As he contemplates his own retirement, the remarkable fact is not lost on Gillespie that Alex Ferguson — who already had five years on the clock as Manchester United manager when the player signed for them in 1991 — is still at the helm at Old Trafford.
“It’s crazy to think that it was five years ago when he was going to call time on it,” he says. “He just lives and breathes football. And when you have built up something so successful it’s hard to walk away. Nobody would question it if he did, but he has that hunger to win trophies and while he has that he will keep on going.”
Looking back on his own career, Gillespie doesn’t hesitate when asked to nominate a stand-out game.
“Against Barcelona, for Newcastle in the Champions League, playing against Figo and Rivaldo, and we won 3-2. That was probably the best game I ever played [Gillespie laid on two goals for hat-trick hero Faustino Asprilla]. That was in 1997 but Newcastle fans still remind me of it to this day.”
And, lest we forget, there were a few wonderful nights in the green of Northern Ireland to cherish too. “We beat England [1-0 in 2005] which was a big thing as nobody gave us a chance and then a year later we beat Spain 3-2 at Windsor. The team we beat went on to win Euro ’08 and had all the big names playing that night.”
However, it’s south of the border where he will hang up his football boots after his surprise move to Longford Town in 2011. But if anyone thought it was just a cosmetic exercise to try and attract some publicity on the back of a fading star, Gillespie’s performances in a new central midfield role for Longford last season — which ended with him being named in the First Division team of the year — would have made them think again.
“I’ve heard about people coming here and maybe not taking it too seriously, but as a sportsman you want to give it your all,” he reflects. “It’s difficult as I played in some big stadiums all over the world, and the First Division is a culture shock, but you get used to it.
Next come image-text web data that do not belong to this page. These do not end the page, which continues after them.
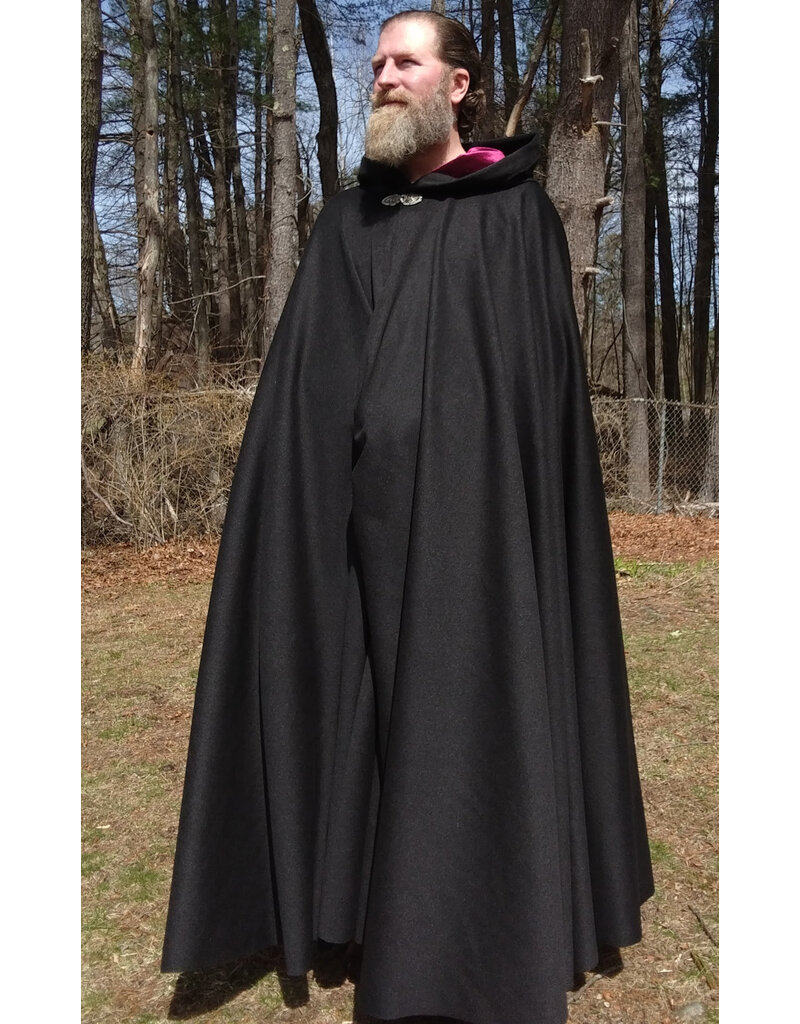 Cloakmakers.com 5651-Charcoal Black Wool Blend Cloak w/ Burgundy Velvet Hood Lining & Gothic Rose Clasp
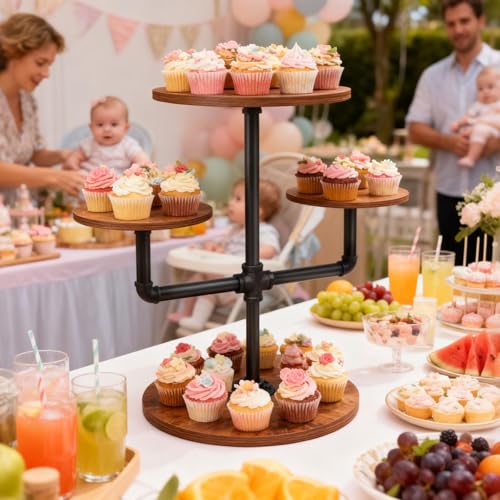 50% Off Rustic 3-Tier Wooden Cupcake Stand - Image 2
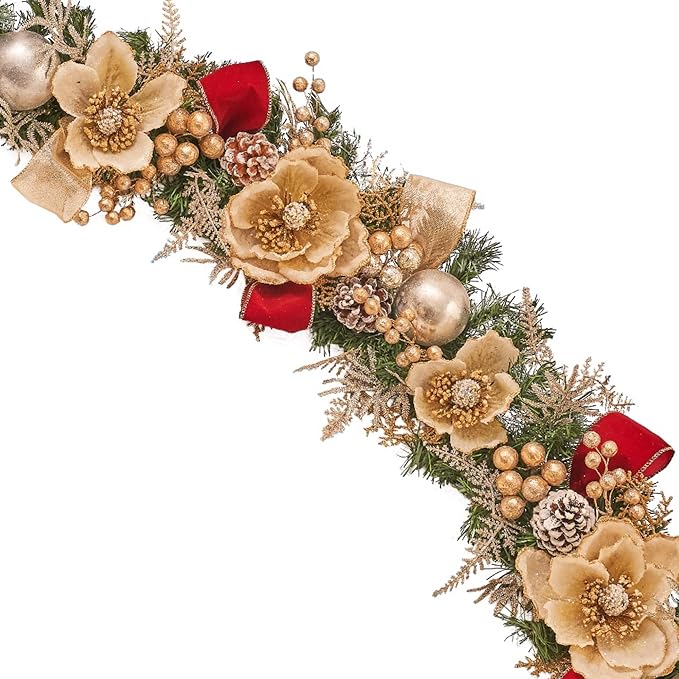 5ft Handcrafted Premium Christmas Garland Glittery Glam Magnolia - Image 5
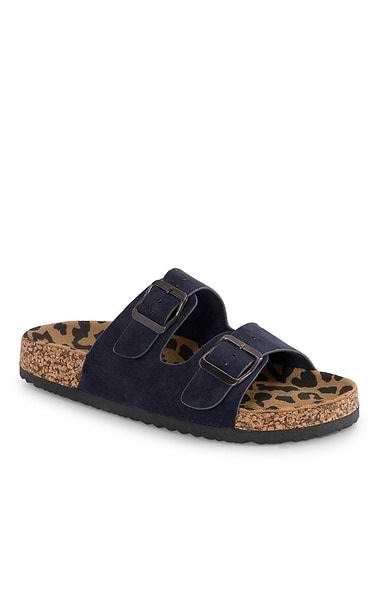 Ladies Pecan Animal Print Sliders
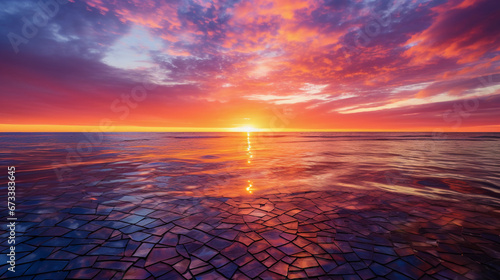 sprawling ocean sunset, tesserae in shades of orange, red, and purple, capturing the natural gradient of the sky meeting the sea, golden sun reflections on water photo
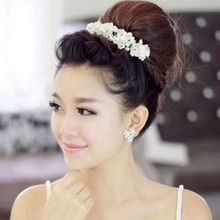 Hot Marketing Gift Han Edition Hair White Pearl Crystal Bride Headdress Handmade Wedding Hairwear Bridal Hair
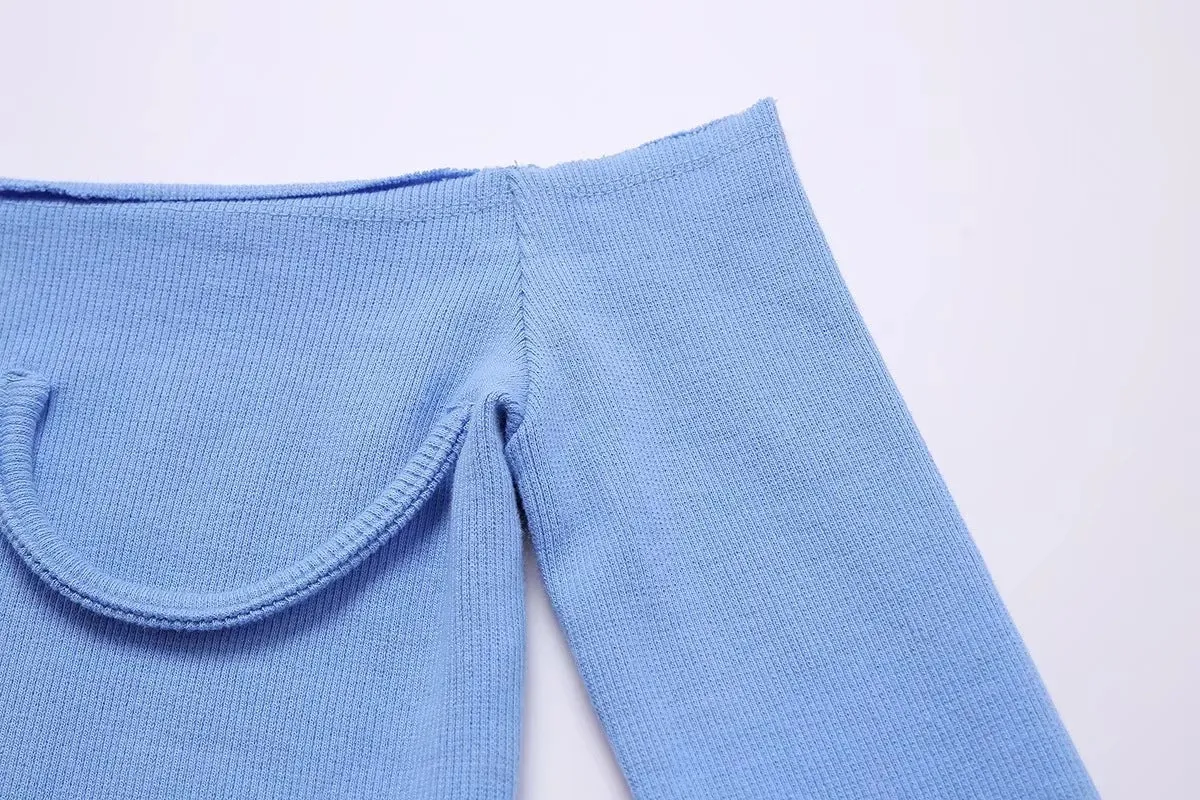 One-shoulder Collar Slim Long-sleeved T-shirt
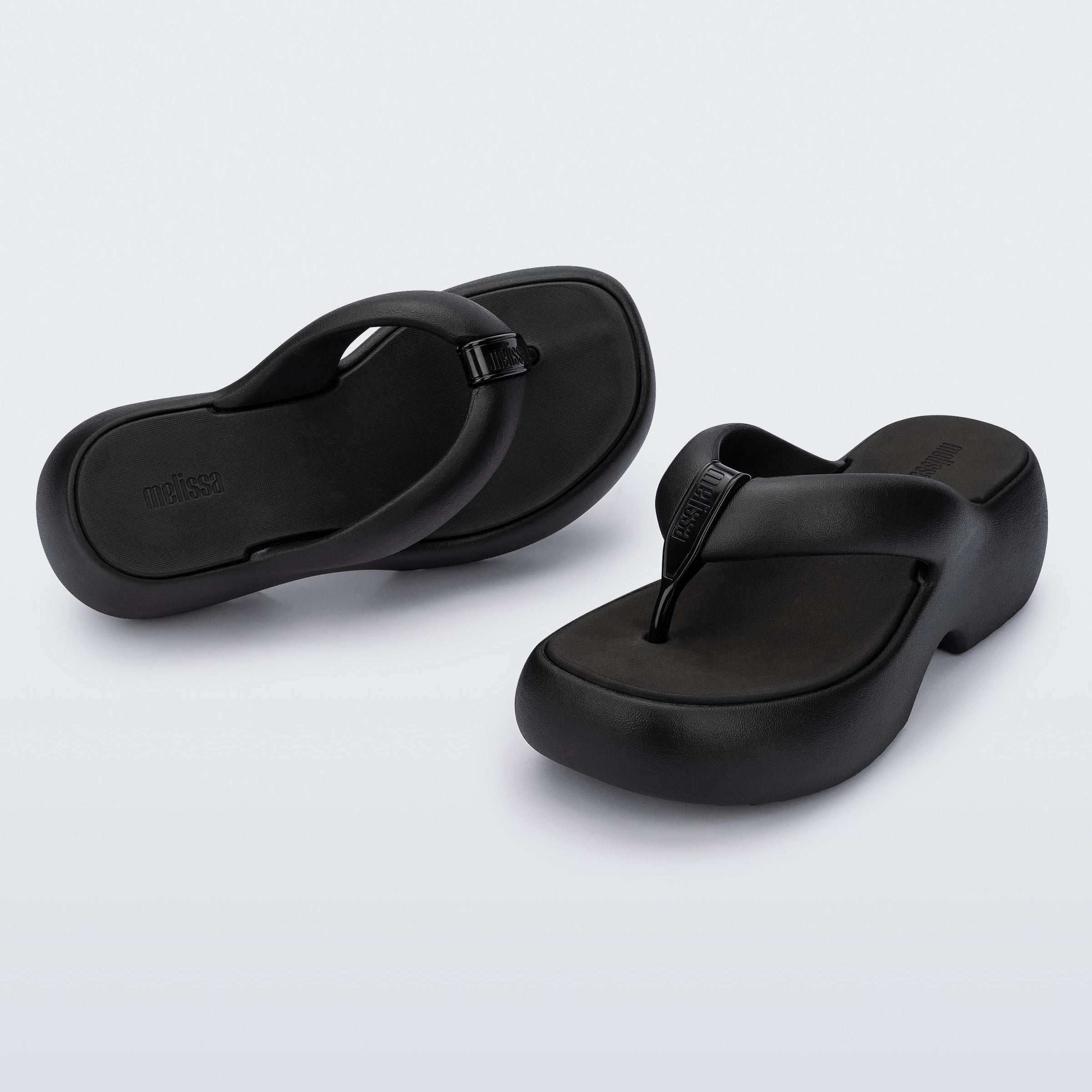 Melissa Free Fuzzy Platform AD Black Klapki Damskie na Platformie Czarne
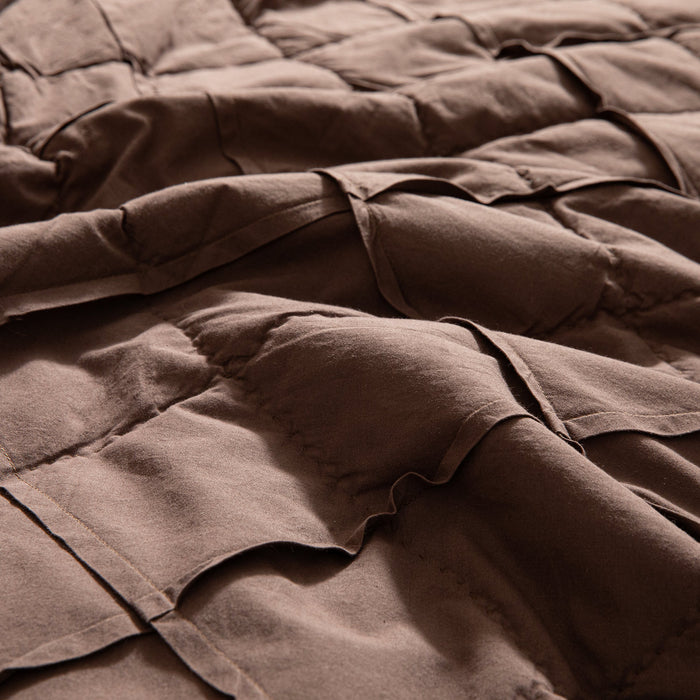 Diamond Bedspread Set King Size 280x260 cm Brown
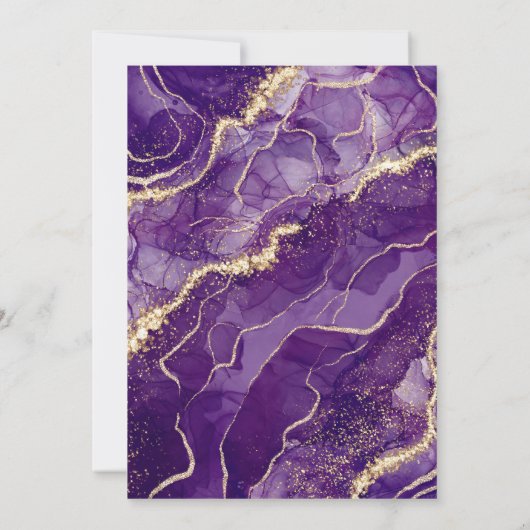 Paarse gouden agaat Elegante moderne bruiloft Kaart (Achterkant)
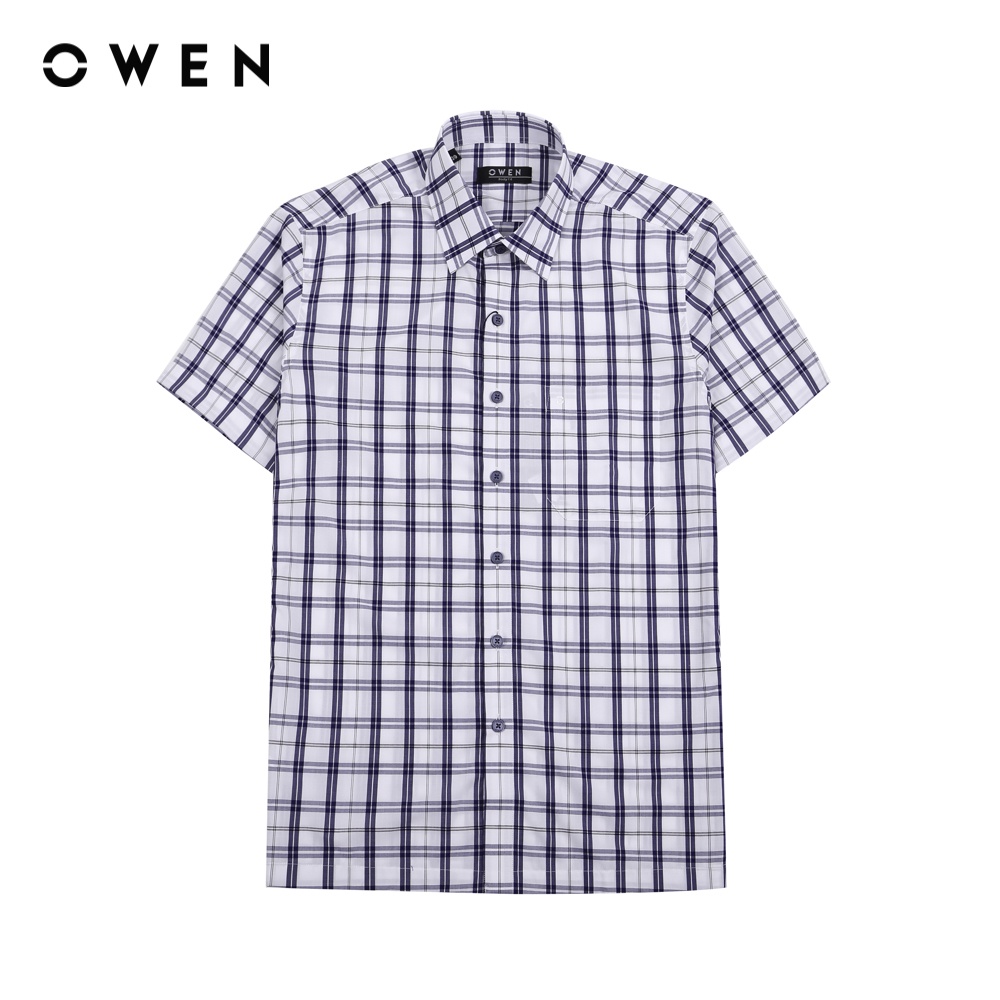 OWEN - Áo sơ mi ngắn tay Body Fit Navy trắng Bamboo - BA220893NT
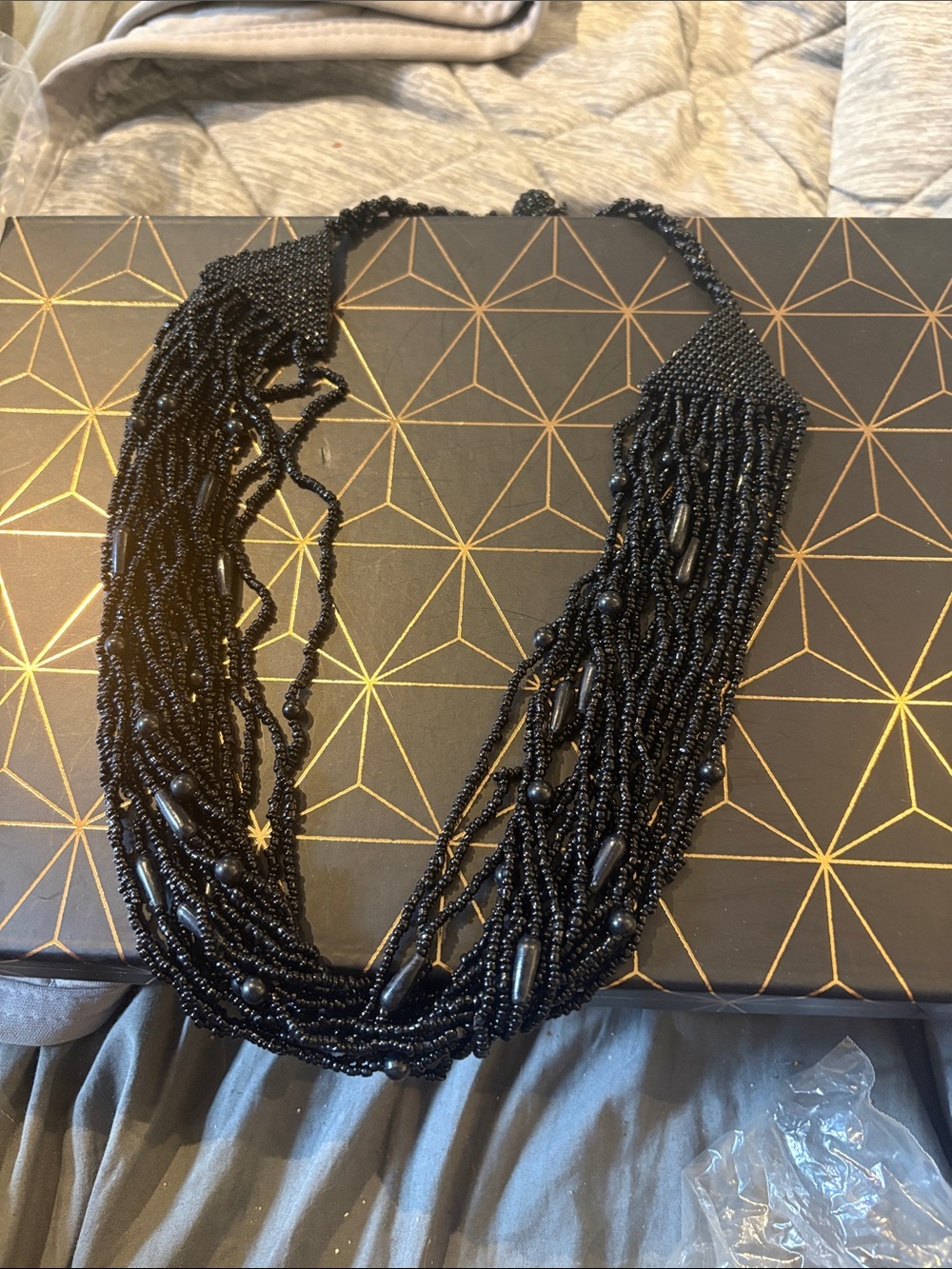 Black Multi-Strand Beaded Necklace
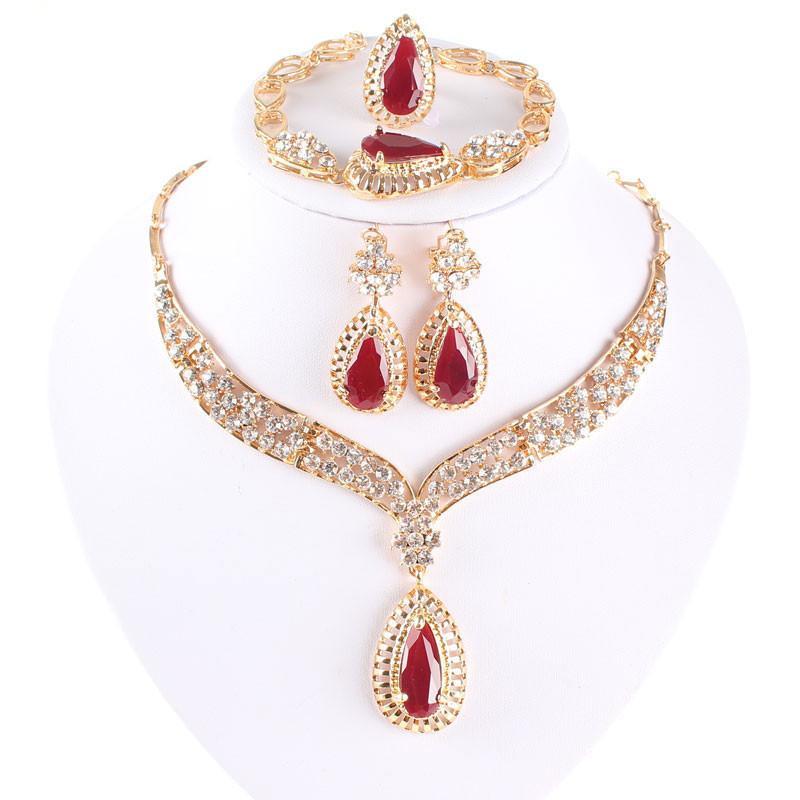 Crystal Vintage Red Necklaces Jewelry Sets Earrings Bracelets Ring wr-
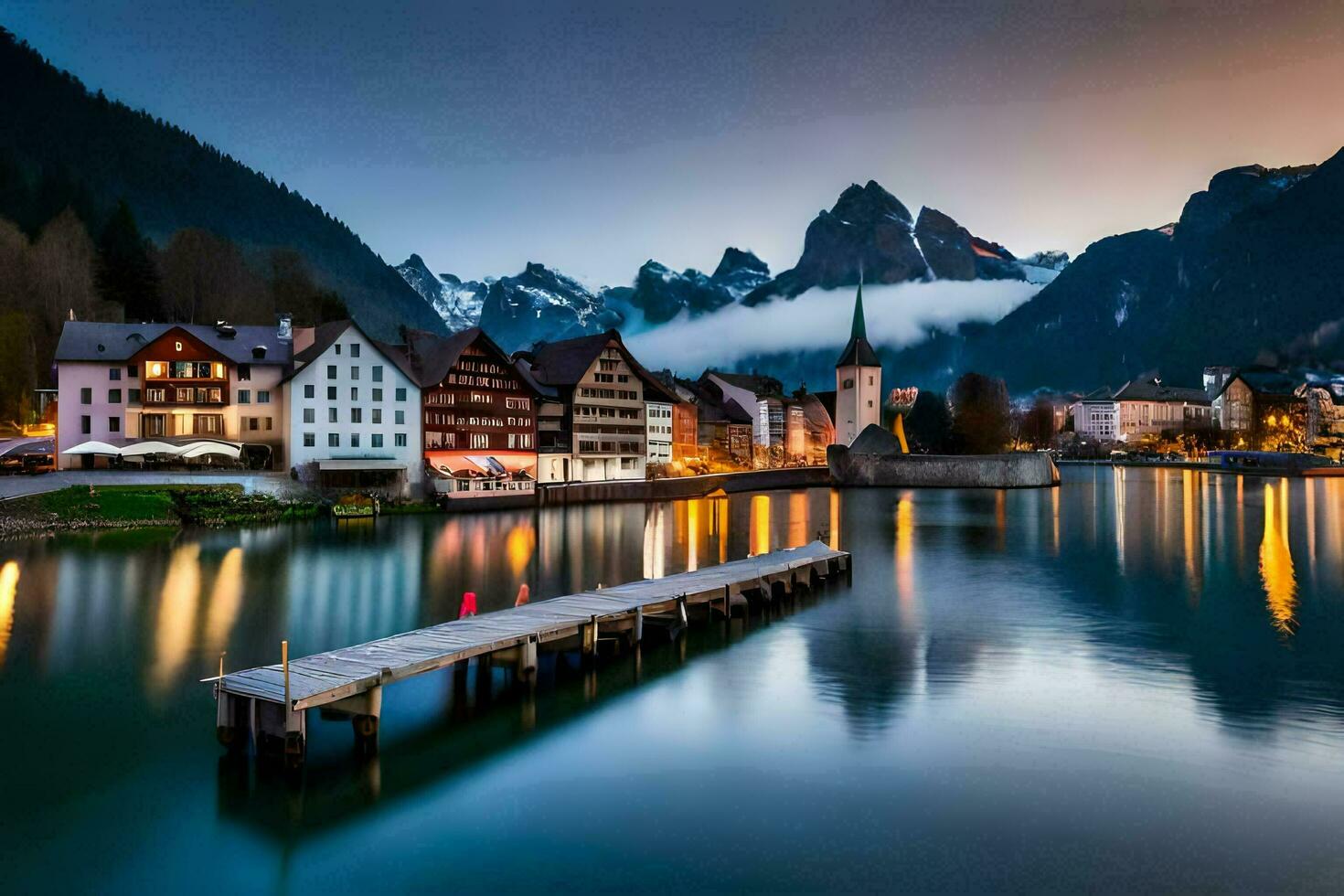 il cittadina di Hallstatt, Austria a crepuscolo. ai-generato foto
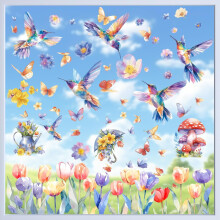 Spring Bird Window Clings Tulip Hummingbird Butterfly 116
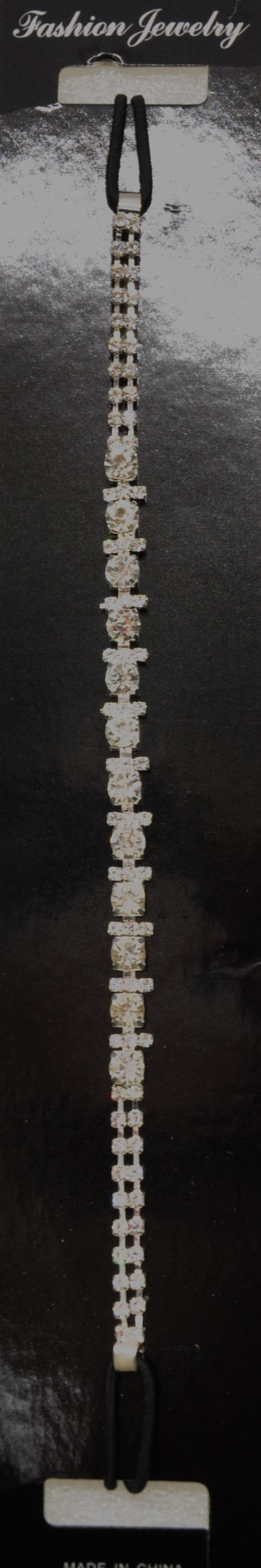 Silver Rhinestone Elastic Headband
Playing in stadiums where you can’t swing a cat in the changing rooms. Subs having to go out while the team changes. But it’s part of football and I’ve still enjoyed it.”
Longford have announced a new shirt and naming rights deal with international recruitment company City Calling, which will see Flancare Park renamed the City Calling Stadium for, at least, the next five years. And with manager Tony Cousins expressing confidence that things are progressing nicely on the pitch too, there’s a growing belief at the club that this could be the season when Longford finally return to the Airtricity League Premier Division.
And don’t be too surprised either if, by year’s end, their best-known player is tempted to reverse his decision to retire.
“At the minute my mind is made up but I may revisit it,” Gillespie smiles. “But it would be nice to go out on a high and achieve promotion. We looked like doing it for long periods last year but unfortunately we came up short. Tony has new players and a good squad now and we really feel this could be the season.”